“’There are in the island of Sylt hillocks of ancient origin, for the most part pagan burying-places, but some of which may have served as the dwelling-places of a primitive people. One such hillock has just been opened at Wenningstedt. The interior was found to be a chamber, 17 feet long, 10 feet in breadth, and from 5 to 6 feet in height, with a covered passage about 22 feet long, trending southward. The walls of this underground room were composed of twelve large granite blocks, regularly arranged; the roof consisted of three still larger slabs of the same kind of rock; the stones which formed the passage were smaller. At one corner of the floor of the cellar there was a well-defined fireplace, and near it were urns and flint implements; in the opposite corner there were many bones lying, apparently unburned, probably those of the last dweller in the cavern.’”

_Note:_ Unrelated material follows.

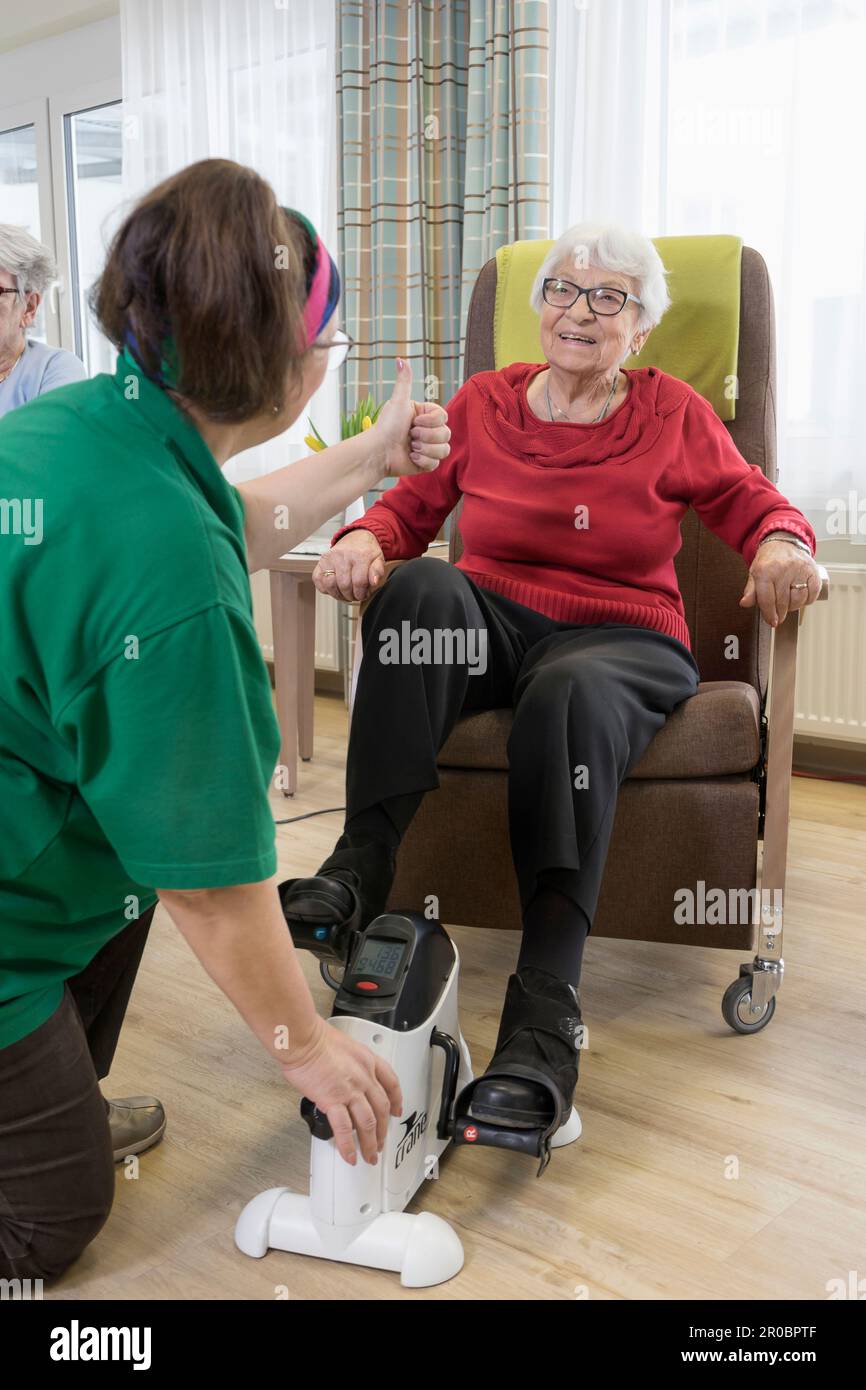 Infirmière avec une femme âgée s'exerçant sur un vélo d'exercice dans une maison de repos Banque D'Images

Mr. Christian Jensen gives an account of “Der Denghoog bei Wenningstedt” in the “Beilage zu Nr. 146 der Flensburger Nachrichten” of 25th June 1893, in which he says:
“... On the floor of the chamber, three separate divisions were distinctly visible, of which one, situated on the east side, showed traces of having been a fireplace. Professor Wibel found several fragments of human bones, which evidently belonged only to one individual, as no portion was duplicated; also a few animals’ bones. There was an extraordinary number of fragments of pottery, belonging to about 24 different urns, of which 11 could be put together. Their form and ornamentation were both fine and varied, an interesting witness to the ceramics of the grey past.... Among the stone implements found were a great many flint-knives; two stone hatchets, two chisels, and a gouge, all of flint, and a disc of porphyry were also obtained. Several mineral substances, quartzite, rubble-stones, gravel, ochre, a sinter-heap—these are less interesting than the seven amber beads which, with some charcoal, completes the list of objects found. Referring to former investigations of galleried mounds [gangbauten], which seem to have been used in some cases as burying-places, in others as dwellings, Dr. Wibel observes, in answer to the question resulting from his discovery, as to whether the Denghoog ought to be regarded as a sepulchre or as a dwelling, that, as Nilsson has already said, all gallery-mounds were originally dwellings, and occasionally became utilised as tombs. In the case of the Denghoog, this fact is demonstrated by the fireplace, the scattered potsherds, the amber beads, &c.”
[Footnote 93: Heligoland, Edin. and Lond., 1888, pp. 84-85.]